How can a company sustain and grow its e-business? It is the conventional wisdom that the effort should start with a formal review of the business mission and the range of desired services. It involves managing the scope of the business strategy and its linkage with the IT group. Analysis includes adopting and sponsoring at the executive level a thorough IT infrastructure and e-commerce application design, technology planning guide, and organizational implementation. Looking at options such as co-location, Web hosting, and alternative service provisioning makes sense when staff shortages or organizational immaturity can be nullified by obtaining outsourced services for managing and operating the production of the e-business infrastructure.

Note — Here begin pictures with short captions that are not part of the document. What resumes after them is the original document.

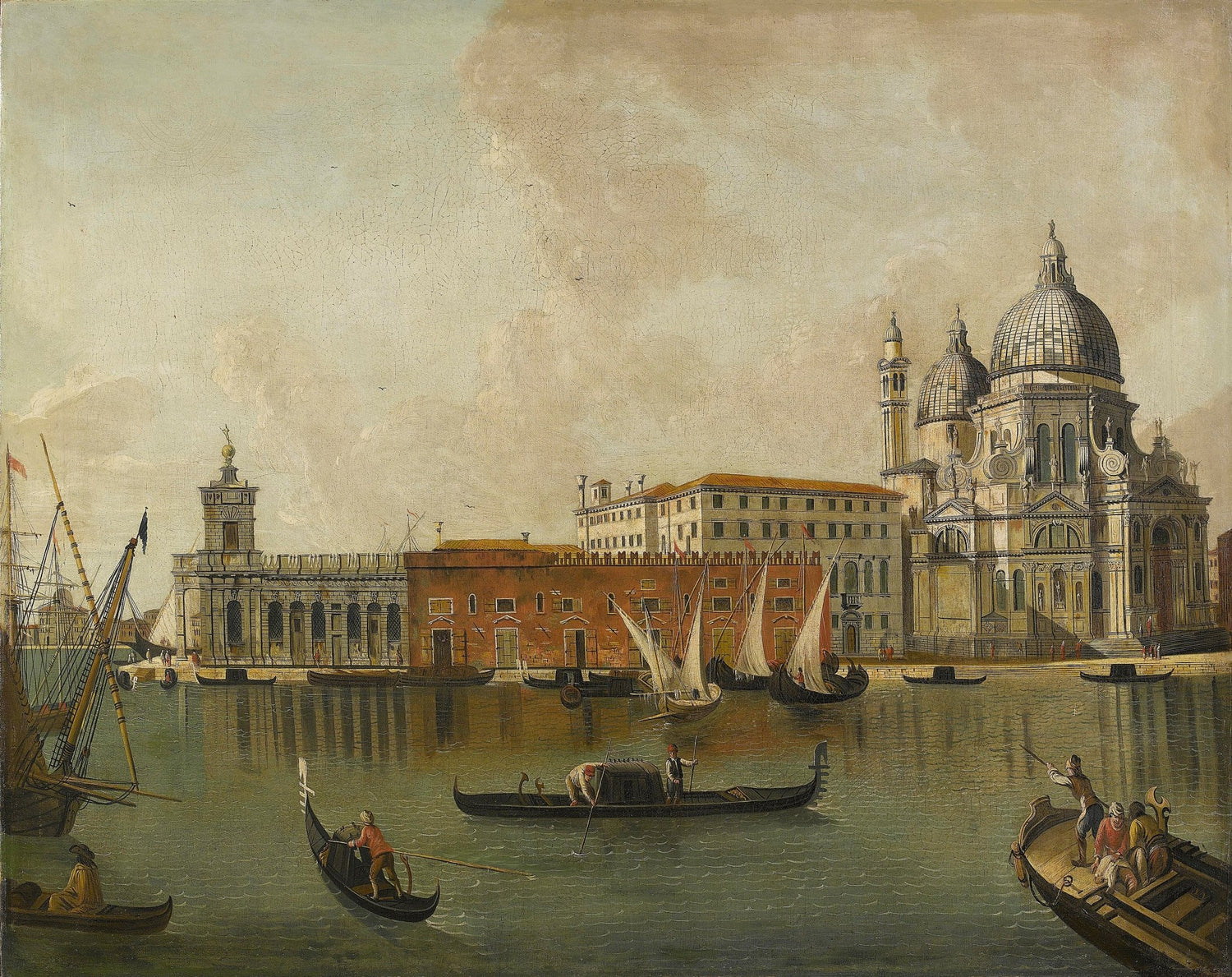 Landscape Oil Painting - Venice: Santa Maria della Salute & Harbour Ships - Oil Painting Haven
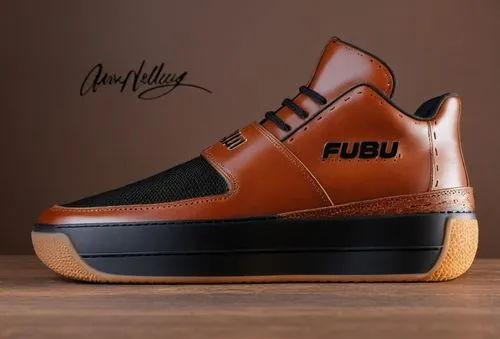 Leather upper sneaker, mesh inlay, silver "FUBU" logo letters, all cognac with black trim color scheme ,FUBU lifestyle sneaker cognac black ,fubu,mashburn,puvis,buscemi,feiyue,fullcourt,Photography,Ge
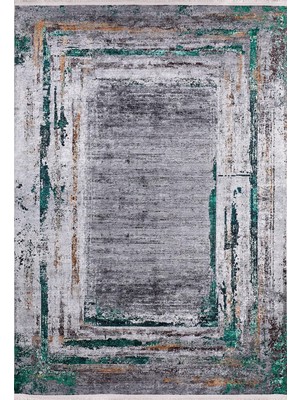 Vionna Beloretsk Gri Modern Geometrik Etnik Eskitme Desenli Boho Makinada Yıkanabilir Hafif Hav Toz Vermez Leke Tutmaz Kaymaz Taban Dijital Makine Baskı Halı Oturma Odası Salon Yolluk Koridor Mutfak Halısı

How can an e-infrastructure initiative help a company with its e-business endeavor? The effort should use a holistic approach to addressing the complex e-business environment. Care must be taken since there are unique considerations, constraints, and priorities that should be carefully understood in terms of the business objectives for the endeavor. Alignment with the other corporate infrastructure initiatives is essential to keep the core business in a sustainable and responsive posture. Experience shows that organizations that dedicate all available resources to their e-infrastructure efforts while sacrificing their core infrastructure experience major operational difficulty within months.

The identified, prioritized, and documented e-business objectives begin to define the services and service levels that the IT group needs to deliver when building out to support the e-business properly. Service capability gaps become readily apparent during comparison activities. Documenting the current processes and procedures for doing IT support, understanding the contextual organization model, and creating a decision-tree recommendation concerning enabling tools and technologies form the next steps. Once the assessment work is completed and understood, the work with the e-business sponsor enables the IT group to design, plan, and implement an integrated solution. An integrated solution entails matching, balancing, and mapping the e-business management processes, support people, enabling tools framework, and a scalable infrastructure specifically tailored to deliver the optimized services at the desired levels to the target community.

Augmentation services from outsourcers or from consulting firms need to provide a similar framework to address the fundamental human areas of e-business endeavors. The risk is that if these areas are not addressed by practiced and experienced personnel, it will take longer, cause additional pain, and leave the organization and its business partners far removed from their bottom-line objectives.

A significant part of the overall IT goal is to provide the effective management of today's complex e-business infrastructure and environment by properly integrating and balancing the deployed utilization of enabling tools, managed processes, and knowledgeable people to achieve the business objectives of the corporation. Following these formatted steps through the use of professional, IT-proven practices is absolutely recommended in order to control costs and reduce e-business pain.